**** Information shown ****

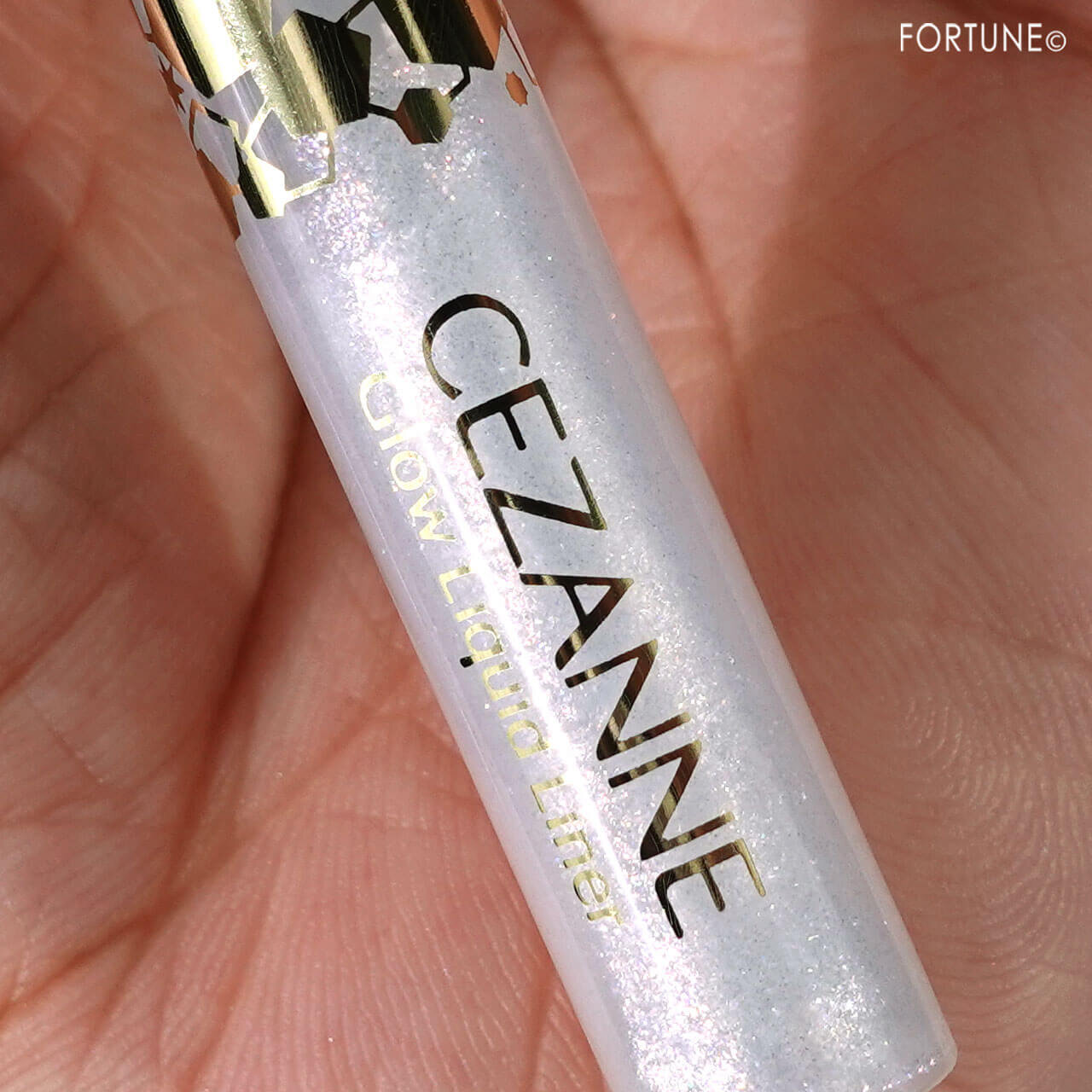 CEZANNE（セザンヌ）　セザンヌ　グロウリキッドライナー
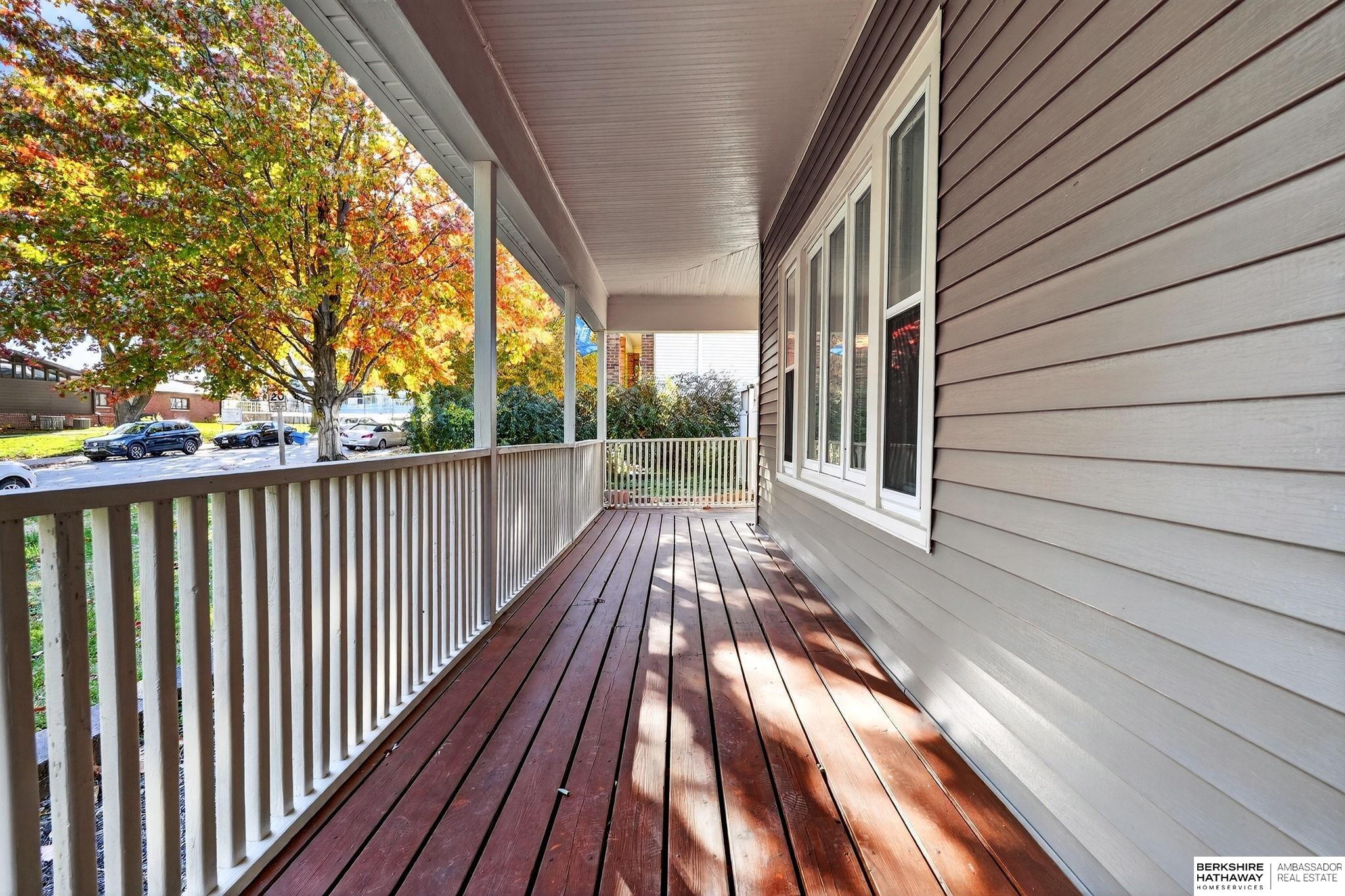 Omaha, Nebraska 68105, United States, 4 Bedrooms Bedrooms, ,2 BathroomsBathrooms,Residential,Active,241505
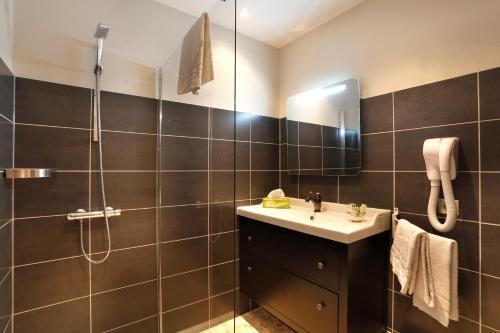 波城容瑟弗酒店的一间带水槽和淋浴的浴室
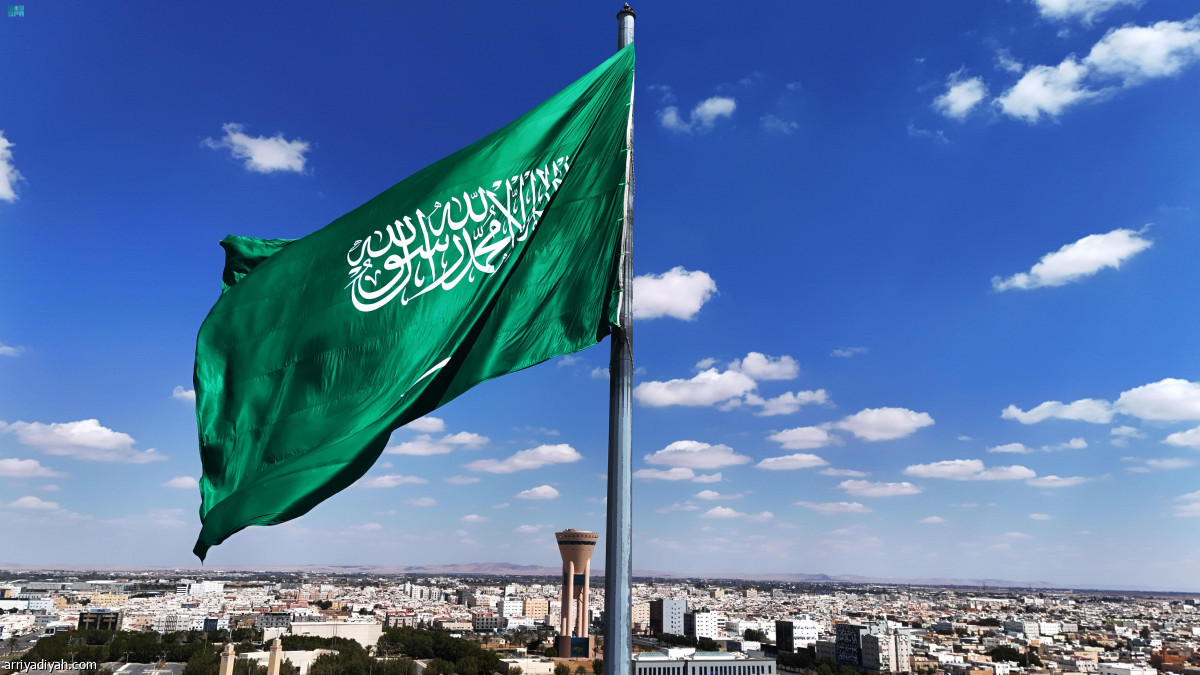 المدن السعودية تحتفي بـ«يوم العلم»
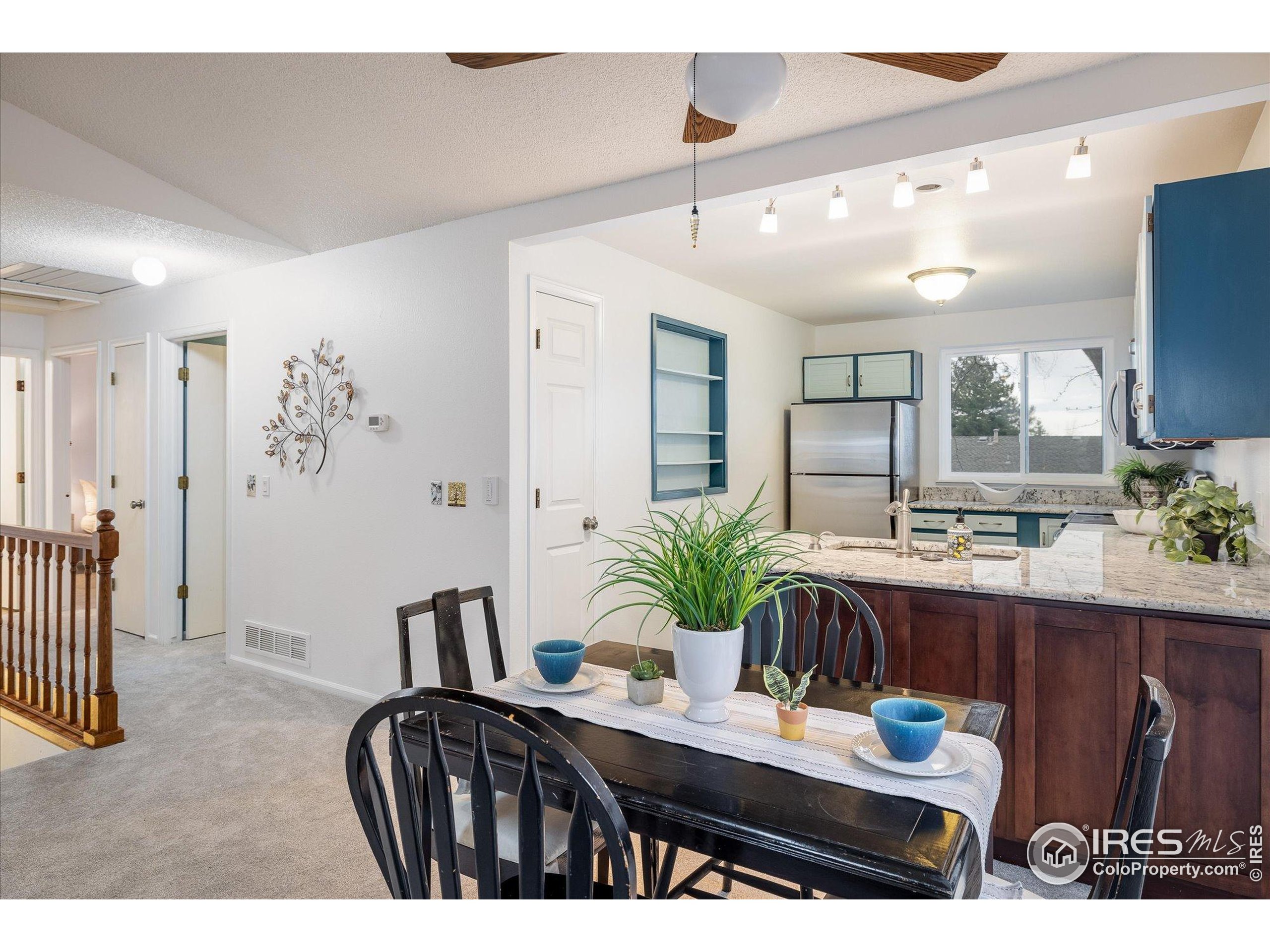 247 Regal St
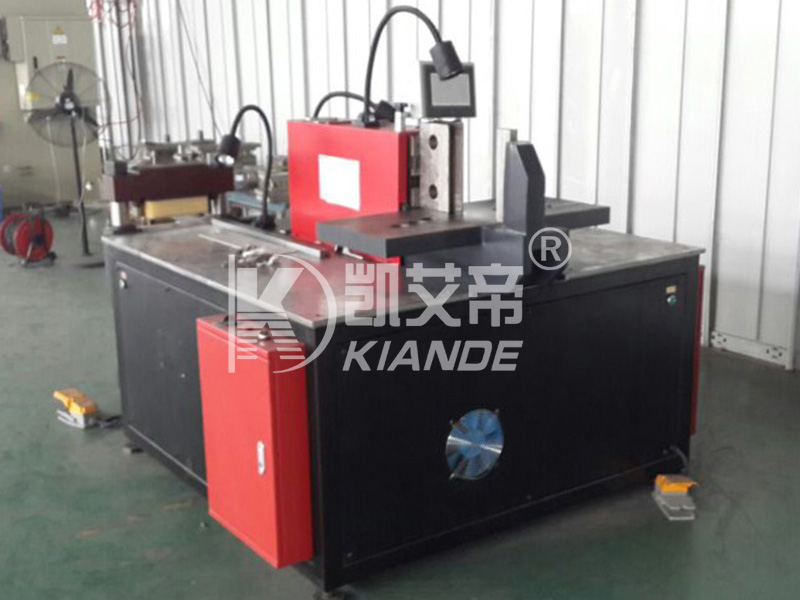 母線(xiàn)加工機沖孔模具-蘇州凱艾帝電氣有限公司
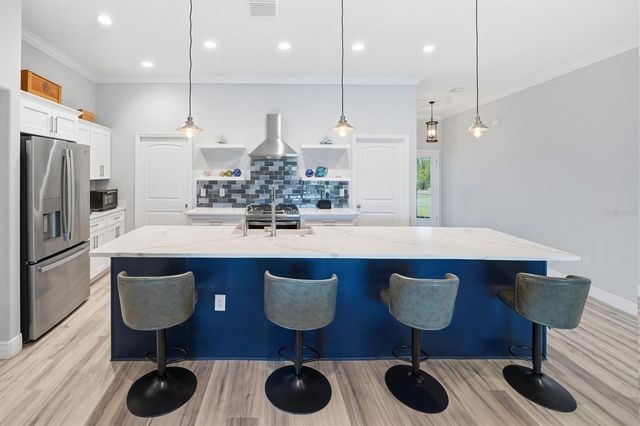 6165 1ST STREET SW, Vero Beach, FL 32968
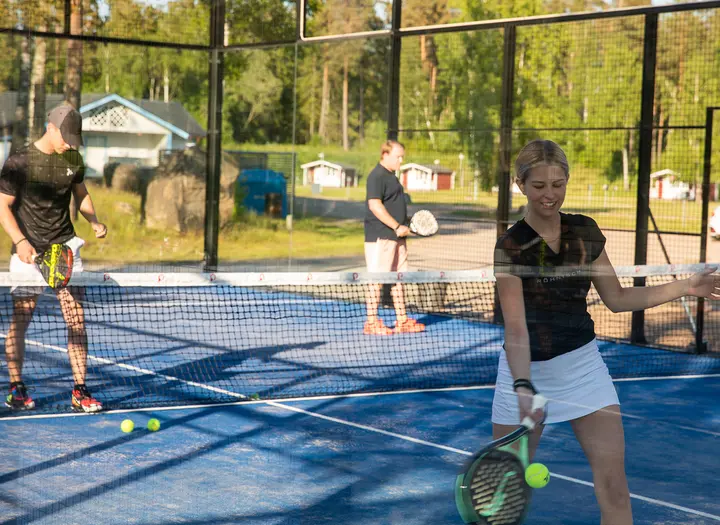 Padelbanor i Skara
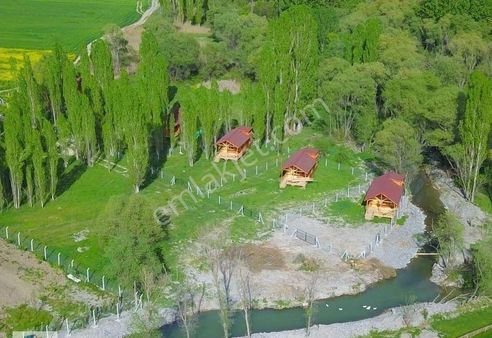 Güneyce^de 527 M2 İmarlı Dere Kenarı Arsa İçinde Ahşap Evli Bahçe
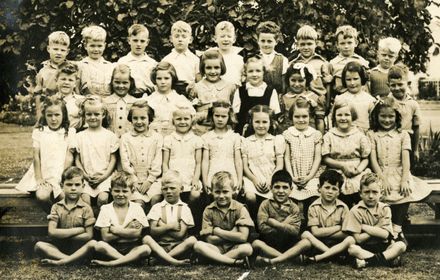 College Street School: Primer class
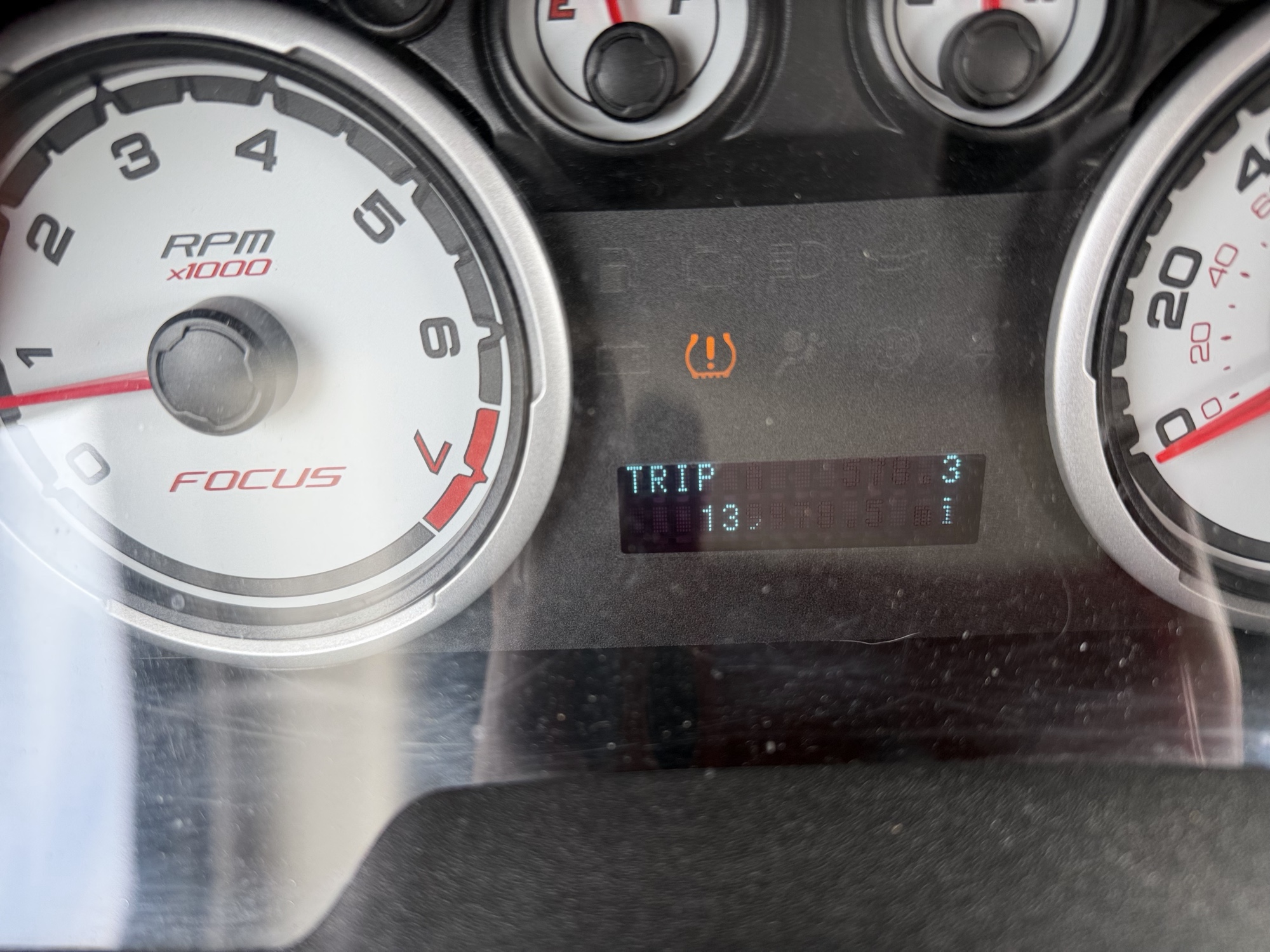 2008 ford focus ses-sedan with 139978 miles for sale near elk-river, minnesota 106466_44_mileage_closeup.jpg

****

◆ **Exercise requirements**
Restate all entries above exactly, but not the images.

◆ **Problem solution**
 CEZANNE（セザンヌ）　セザンヌ　グロウリキッドライナー
 Omaha, Nebraska 68105, United States, 4 Bedrooms Bedrooms, ,2 BathroomsBathrooms,Residential,Active,241505
 波城容瑟弗酒店的一间带水槽和淋浴的浴室
 المدن السعودية تحتفي بـ«يوم العلم»
 247 Regal St
 母線(xiàn)加工機沖孔模具-蘇州凱艾帝電氣有限公司
 6165 1ST STREET SW, Vero Beach, FL 32968
 Padelbanor i Skara
 Güneyce^de 527 M2 İmarlı Dere Kenarı Arsa İçinde Ahşap Evli Bahçe
 College Street School: Primer class
 2008 ford focus ses-sedan with 139978 miles for sale near elk-river, minnesota 106466_44_mileage_closeup.jpg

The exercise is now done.